Supplied data below:

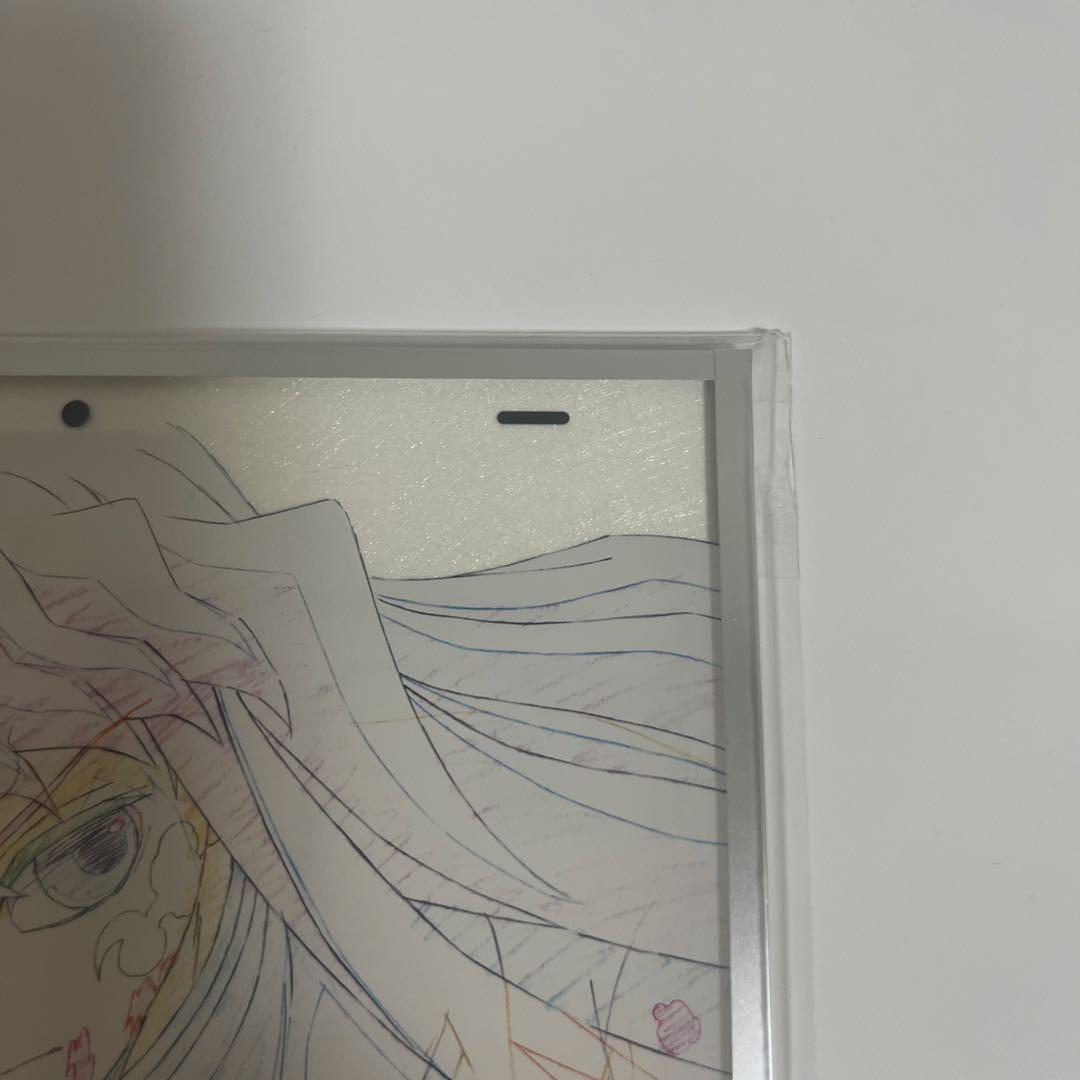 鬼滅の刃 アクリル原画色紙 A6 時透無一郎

End of Supplied data.
Supplied data below:

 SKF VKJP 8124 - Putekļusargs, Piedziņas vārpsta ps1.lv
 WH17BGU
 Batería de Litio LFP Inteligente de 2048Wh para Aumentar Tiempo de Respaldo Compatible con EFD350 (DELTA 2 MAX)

End of Supplied data.

- Aim of the task -
From the material above, retype precisely the lines between the line holding "SKF VKJP 8124" and the line holding "Batería de Litio", inclusive, and nothing beyond them.

- Solution to this task -
 SKF VKJP 8124 - Putekļusargs, Piedziņas vārpsta ps1.lv
 WH17BGU
 Batería de Litio LFP Inteligente de 2048Wh para Aumentar Tiempo de Respaldo Compatible con EFD350 (DELTA 2 MAX)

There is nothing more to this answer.